Unforgettable song finishes and held notes are memorable for many reasons, and I believe you denied Jay Black's incredible performance of "Cara Mia" for the PBS special its rightful place of one of the finest displays of an entertainer rejoicing in his god given abilities and performing the song to best of his abilities ... especially considering the fact that his vocal capabilities appear to have remained in top form. What a thrill to view his rendition of his long ago hit and the purity of voice that comes through to the enjoyment of his audience and I believe he himself enjoyed it the most.
Springs return evokes the traditional cry of "Play Ball" but to me the bright sunshine and fair weather compel me to "Play Oldies" !
Happy Spring, keep the music alive,
Actually we ran the video clip of Jay's PBS performance the other day in Forgotten Hits ... without question, one of the FINEST examples of a great singer taking care of his instrument.  The guy is simply AMAZING!  (But, apparently according to his former coworker, a REAL prick to work with!!!  lol)  kk  

I'm a little late on this thread but I can't believe I've seen so many lists without the "Genius of Soul", Ray Charles. I could submit a list of 30 RC songs and it would be great soul.
Instead I have chosen the following:
Night Time Is The Right Time - Ray Charles
What'd I Say - Ray Charles
I Got a Woman - Ray Charles
Please, Please, Please - James Brown
I Feel Good - James Brown
But It's Alright - JJ Jackson
I Thank You - Sam and Dave
Midnight Hour - Wilson Pickett
Land Of 1000 Dances - Wilson Pickett
Ain't Too Proud To Beg - Temptations
Shake - Sam Cooke
Am I the Man - Jackie Wilson
Doggin' Around - Jackie Wilson
Baby Workout - Jackie Wilson
I'm Comin' On Back To You - Jackie Wilson
Cry Baby - Garnett Mimms and the Enchanters
Satisfied - Cashmeres
Yield Not To Temptation - Bobby "Blue" Bland
Let the Good Times Roll - BB King and Bobby "Blue" Bland
Who's Makin' Love - Johnny Taylor
Show Me - Joe Tex
Twenty-Five Miles - Edwin Starr
Shake a Tail Feather - Five Dutones
I Don't Want To Cry - Chuck Jackson
Sweet Soul Music - Arthur Conley
Try a Little Tenderness - Otis Redding
Some Kind Of Wonderful - Soul Brothers Six
Ain't Nothing Stopping Us Now - Tower Of Power
Dance To the Music - Sly and Family Stone
Stay In My Corner - Dells
Strokin' - Clarence Carter
Danny Guilfoyle
PS -- you're right, I've always had trouble counting. 
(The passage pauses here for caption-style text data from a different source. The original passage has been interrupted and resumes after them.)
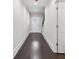 Entryway showcasing dark wood floors leading to the front door and staircase at 5115 N Pratt St, Covington, GA 30014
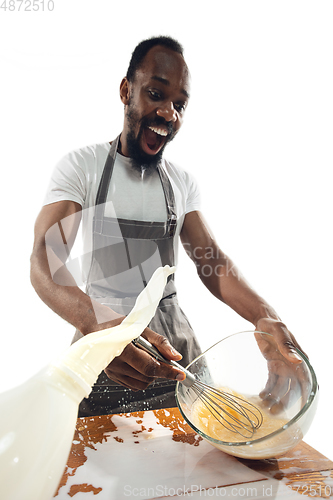 Image of Amazing african-american man preparing unbelievable food with close up action, details and bright emotions, professional cook. Preparing omelet, mixing eggs with splashing milk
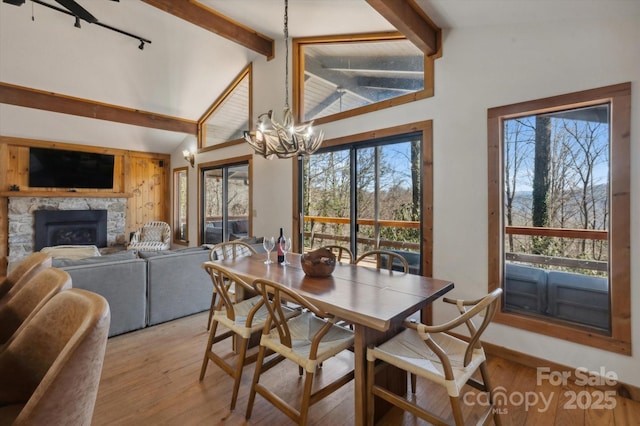 dining space featuring lofted ceiling with beams, light wood finished floors, and a chandelier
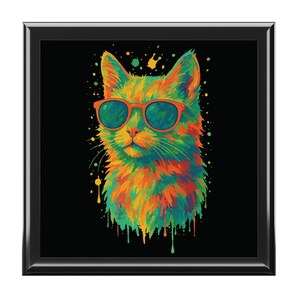 May include: A square black frame containing a colorful illustration of a cat wearing orange sunglasses. The cat is rendered in vibrant shades of yellow, orange, green, and blue with a paint drip effect against a solid black background.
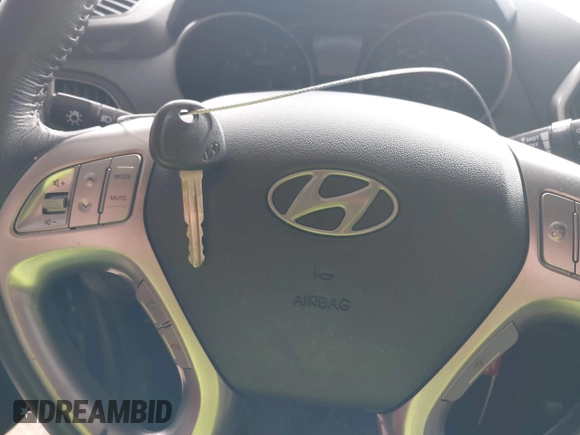 2010 Hyundai Tucson GLS with VIN KM8JU3AC0AU070395, listed as a IAAI auction lot 41933773 with 18,097 mi miles and . Bid and sale history available at DreamBid. Image 11.
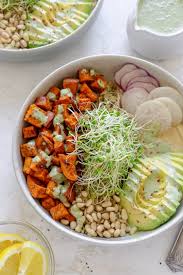 In a small bowl, stir together the chili powder, garlic powder, onion powder, dried oregano, paprika, ground cumin and 1 teaspoon salt and 1 teaspoon pepper. Roasted Sweet Potato Bowls Vegetarian Recipe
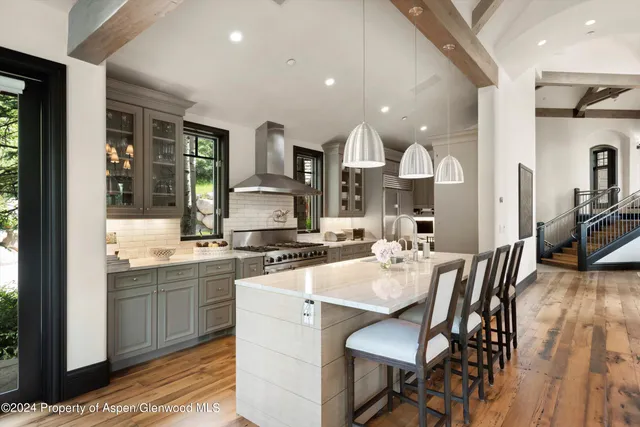 a kitchen with a sink and chairs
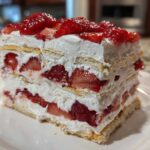 A tall, layered slice of No-Bake Strawberry Lemon Icebox Cake featuring whipped cream, graham crackers, and fresh strawberries.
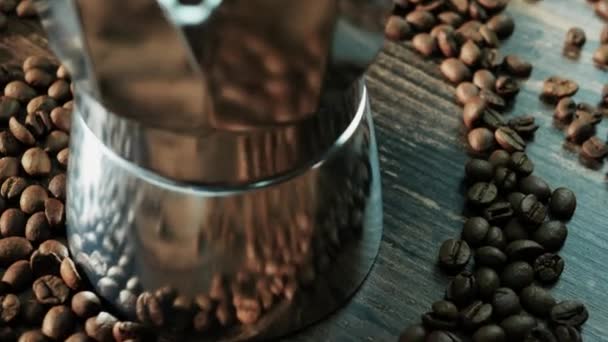 木製ボード上の散乱コーヒー豆との密接なアルミ間欠泉コーヒーメーカー コーヒーの背景 — ストック動画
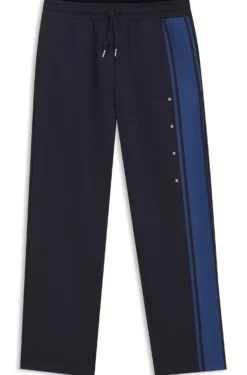 Relaxed-fit tracksuit bottoms in cotton with side stripe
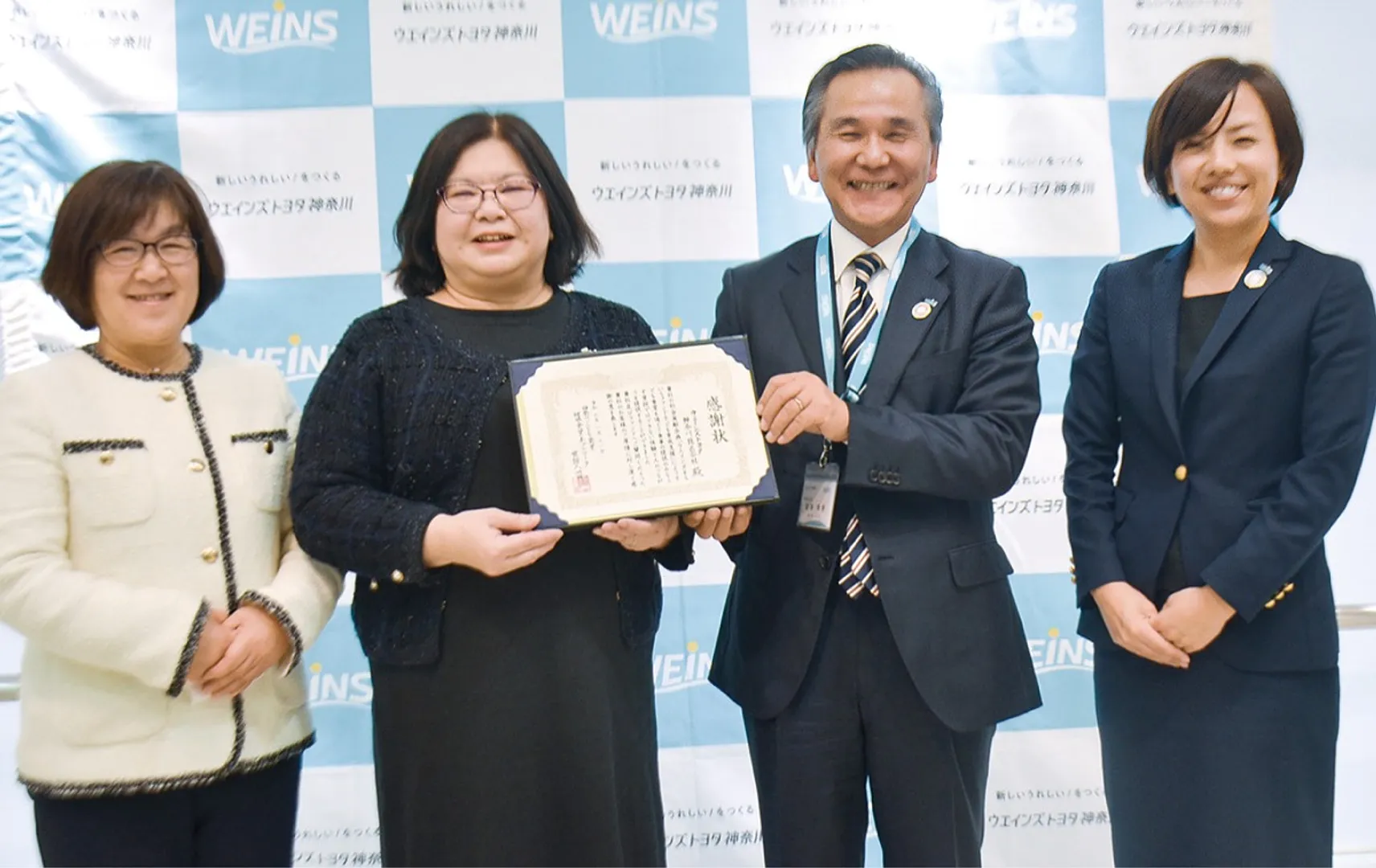 感謝を手に梨本専務（中央右）と佐藤さん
PPS - And how could I forget the "Queen of Soul", Aretha Franklin? How about "Think". 
Also "I Can't Turn You Loose" by Otis, "I Need Your Lovin'" by Don Gardner and Dee Dee Ford and "Ain't Nothin' But a House Party" by the Showstoppers. 
I don't think we'll EVER reach the end of the list on this one!!!  Every time you think you've covered all the bases, three or four more great examples pop into your head!  (kk)   

Couple of things. I don't know if there is a time frame involved in this discussion. I don't rate or rank music either but I love reading the comments of those who do. To each his own.
That said, there are a lotta names I haven't seen or perhaps I missed, so here they are, sans discussion:
The Platters
The Moonglows
The Five Keys
The Penguins
The Spaniels
The Ravens
Clyde McPhatter
Brook Benton
Some good points taken today ... how do you do The Ultimate Soul List and leave off artists like Ray Charles and The Platters?  Meanwhile, the list just keeps on growing!  (kk)    

Hi Kent -
Since you have been highlighting R and B songs, one of my favorites is "How Can I Forget" by Johnny Holiday. (hope I got the last name right?!)
Can you give me some info about that song? When in doubt ask the master ...
Actually it's JIMMY Holiday ... and "How Can I Forget" was his first pop hit back in 1963.  (It peaked at #50 in Cash Box Magazine, #57 in Billboard and #65 in Music Vendor ... another one of those larger point spreads that just don't make any sense in hindsight.)  It was as close as he'd come to a Top 40 Hit.  Only one other record reached The Top 100 ... and that was 1966's "Baby I Love You", which spent a week at #98 in Billboard Magazine.
You may remember "How Can I Forget" because it did a little better here in Chicago, peaking at #21 on the WLS Silver Dollar Survey.
According to Joel Whitburn's book, Holiday was born in Durant, Mississippi but raised in Waterloo, Iowa.  He died of hear failure in 1987 at the age of 52.
For the record, there WAS another artist named Johnny Holiday. He charted for a week in 1961 with a record called "One More Time" that peaked at #40 on the WLS Chart. (kk)   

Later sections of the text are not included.